Phase 8 delivers the original homelab goal: one command-and-control host (infra-services) applies Linux package updates to all Ansible-managed hosts on a defined schedule.

Why separate from ansible-pull?

Mechanism Purpose Cadence
ansible-pull Git config convergence (roles, secrets, timers) Every 30 min
homelab-patch-orchestrate OS package upgrades (apt) Weekly (Sun 04:00 PT)

Mixing apt upgrade into every pull would be noisy, hard to schedule around media workloads, and risky during incident response. Patching is deliberate and wave-ordered.

Architecture

flowchart LR
  IS[infra-services C&C]
  SP[saltierpoop wave0]
  PX[prox wave1]
  IS2[infra-services wave2]

  IS -->|push SSH| SP
  IS -->|push SSH root| PX
  IS -->|local| IS2

Components

Piece Location
roles/patch-controller/ infra-services only — SSH key, systemd timer
roles/patching/ All patching_targets — apt, reboot, metrics
playbooks/patch.yml Invoked by timer; three wave plays
homelab-patch-orchestrate.timer Weekly schedule on infra-services
patch.prom node_exporter textfile on each target
patch_orchestrate.prom infra-services — orchestrator exit code + last run time
ansible_pull.prom each host — last successful ansible-pull apply
/etc/homelab/patching-notify.env Discord + ntfy vars for wrapper and playbook

Inventory groups

Group Members (today)
patch_controller infra-services
patching_targets infra-services, prox, saltierpoop
patching_wave0 saltierpoop
patching_wave1 prox
patching_wave2 infra-services (C&C patches itself last)

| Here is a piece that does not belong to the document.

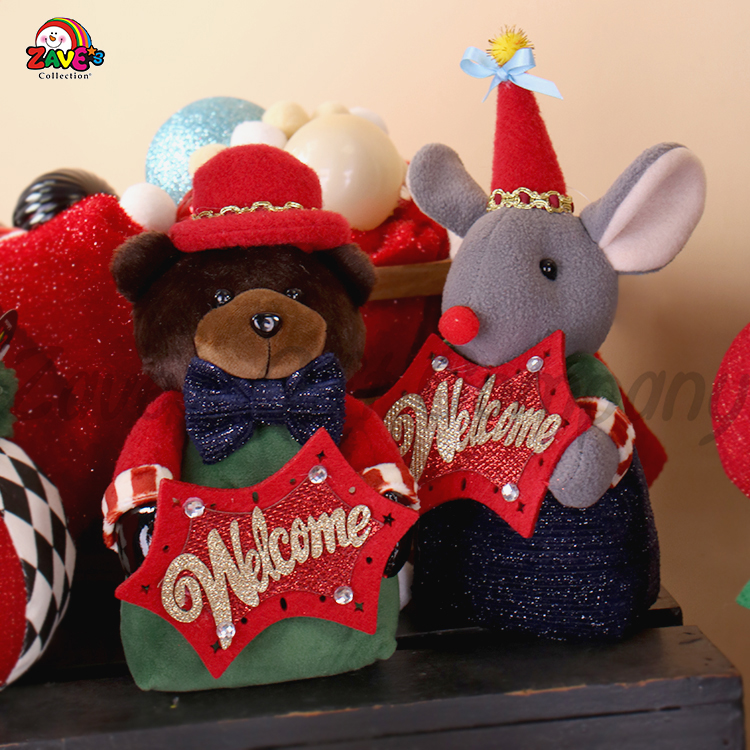 brown and green christmas decor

New Ansible-managed Linux hosts join patching_targets and a wave group in inventory; re-run render-ansible.py.

Policy defaults

Defined in infra/ansible/inventory/group_vars/patching_targets.yml:

  • patching_upgrade_type: securityapt upgrade safe (installed packages only)
  • patching_reboot: auto_if_required — reboot when /var/run/reboot-required exists
  • unattended-upgrades package removed on targets

Override per host in host_vars/ (e.g. patching_upgrade_type: dist before an LTS bump).

SSH access

Target User Notes
saltierpoop someone NOPASSWD sudo via common role
prox root host_vars/prox.yml
infra-services (wave 2) local ansible_connection: local

The patch-controller generates /etc/homelab/patch-controller/id_ed25519 on infra-services. site.yml distributes the public key to other targets when ansible-pull converges on infra-services.

Maintenance hold

/etc/homelab/MAINTENANCE on a host:

  • Skips ansible-pull (existing behavior)
  • Skips homelab-patch-orchestrate service (ExecCondition)
  • Skips that host inside roles/patching/ (meta: end_host)

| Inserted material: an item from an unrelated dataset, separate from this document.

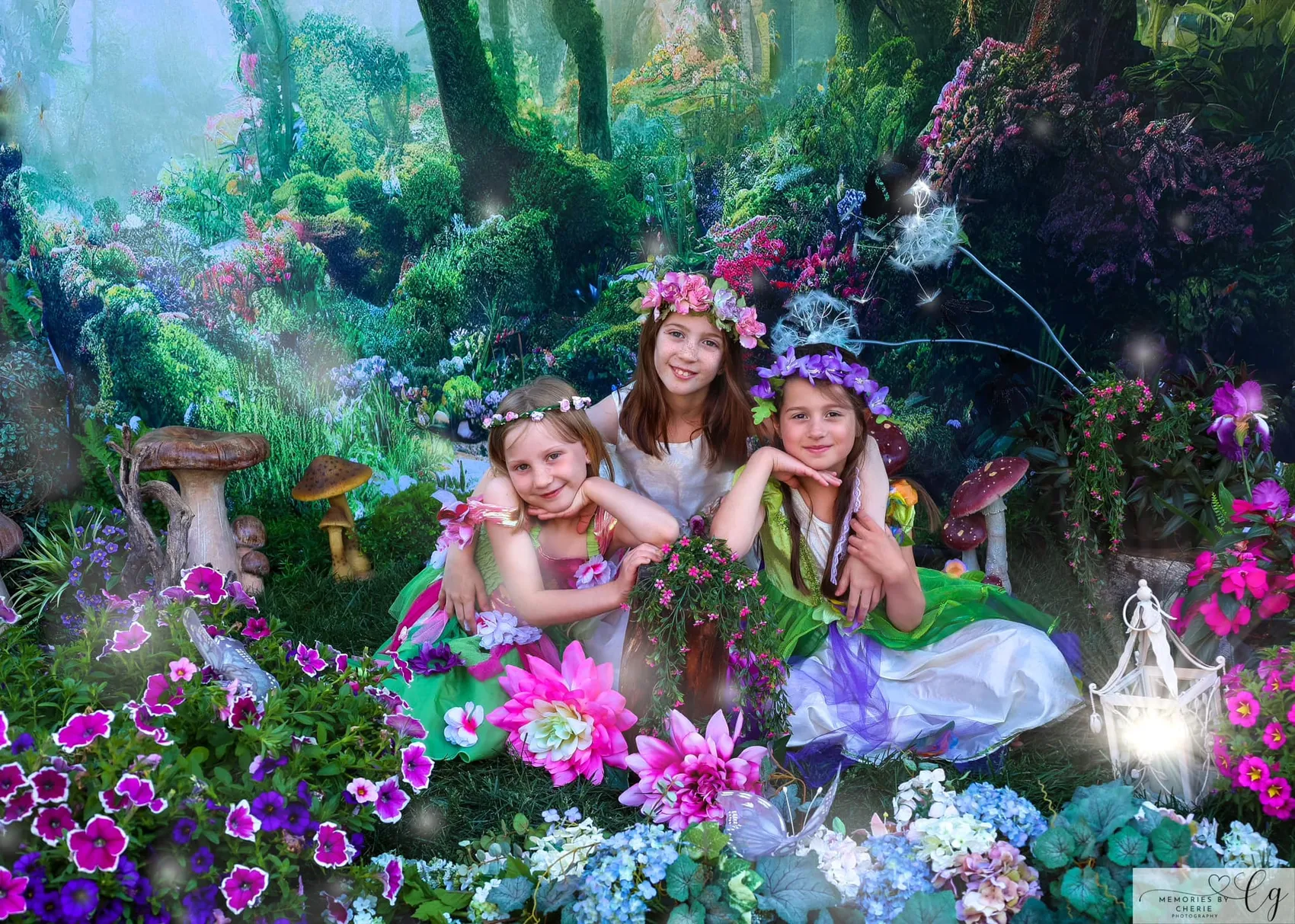 Kate Forest Fantasy Jungle Flower Backdrop Designed by Chain Photography - Image 3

Observability and notifications

flowchart TB
  subgraph orchestrator [infra-services]
    Timer[homelab-patch-orchestrate.timer]
    Wrapper[homelab-patch-orchestrate.sh]
    PB[patch.yml]
    Timer --> Wrapper --> PB
  end
  subgraph targets [patching_targets]
    SP[saltierpoop]
    PX[prox]
    IS[infra-services wave2]
  end
  PB --> SP
  PB --> PX
  PB --> IS
  Wrapper -->|failure| NtfyF[ntfy critical]
  Wrapper -->|failure| DiscordF[Discord]
  PB -->|success summary| DiscordS[Discord]
  SP -->|pre-reboot| NtfyR[ntfy critical]
  PX -->|pre-reboot| NtfyR
  IS -->|pre-reboot| NtfyR
  SP --> Prom[patch.prom]
  PX --> Prom
  IS --> Prom
  Wrapper --> OrchProm[patch_orchestrate.prom]
  Prom --> Alertmanager
  OrchProm --> Alertmanager
  Alertmanager --> DiscordA[Discord all severities]
  Alertmanager -->|critical patching| NtfyA[ntfy]
Signal Where
ARA Every orchestrator and playbook run
Prometheus homelab_patch_last_success_unixtime, homelab_patch_reboot_required, homelab_patch_orchestrate_last_exit_code
Grafana monitoring/grafana/dashboards/patching.json
Discord Rich embeds + link buttons (success, failure, pre-reboot, validation); Alertmanager markdown with runbook links
ntfy Orchestrator failure + pre-reboot (Ansible/wrapper); critical patch alerts (Alertmanager)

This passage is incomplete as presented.